Return the entire listing, character for character.

● ● ●

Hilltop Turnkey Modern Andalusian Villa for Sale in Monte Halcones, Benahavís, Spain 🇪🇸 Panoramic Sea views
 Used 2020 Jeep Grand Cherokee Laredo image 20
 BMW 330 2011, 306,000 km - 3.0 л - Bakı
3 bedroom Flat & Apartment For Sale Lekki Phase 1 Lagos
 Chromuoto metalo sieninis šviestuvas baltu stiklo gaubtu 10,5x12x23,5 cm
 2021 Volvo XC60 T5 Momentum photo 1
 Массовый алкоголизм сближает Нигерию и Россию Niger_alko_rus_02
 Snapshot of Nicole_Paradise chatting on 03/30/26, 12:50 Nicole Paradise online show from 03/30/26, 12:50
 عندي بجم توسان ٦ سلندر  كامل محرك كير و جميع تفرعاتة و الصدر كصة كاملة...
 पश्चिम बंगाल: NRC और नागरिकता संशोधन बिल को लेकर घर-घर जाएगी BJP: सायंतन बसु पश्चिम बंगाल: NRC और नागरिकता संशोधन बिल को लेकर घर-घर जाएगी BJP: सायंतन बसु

● ● ●

Solved problem →
Hilltop Turnkey Modern Andalusian Villa for Sale in Monte Halcones, Benahavís, Spain 🇪🇸 Panoramic Sea views
 Used 2020 Jeep Grand Cherokee Laredo image 20
 BMW 330 2011, 306,000 km - 3.0 л - Bakı
3 bedroom Flat & Apartment For Sale Lekki Phase 1 Lagos
 Chromuoto metalo sieninis šviestuvas baltu stiklo gaubtu 10,5x12x23,5 cm
 2021 Volvo XC60 T5 Momentum photo 1
 Массовый алкоголизм сближает Нигерию и Россию Niger_alko_rus_02
 Snapshot of Nicole_Paradise chatting on 03/30/26, 12:50 Nicole Paradise online show from 03/30/26, 12:50
 عندي بجم توسان ٦ سلندر  كامل محرك كير و جميع تفرعاتة و الصدر كصة كاملة...
 पश्चिम बंगाल: NRC और नागरिकता संशोधन बिल को लेकर घर-घर जाएगी BJP: सायंतन बसु पश्चिम बंगाल: NRC और नागरिकता संशोधन बिल को लेकर घर-घर जाएगी BJP: सायंतन बसु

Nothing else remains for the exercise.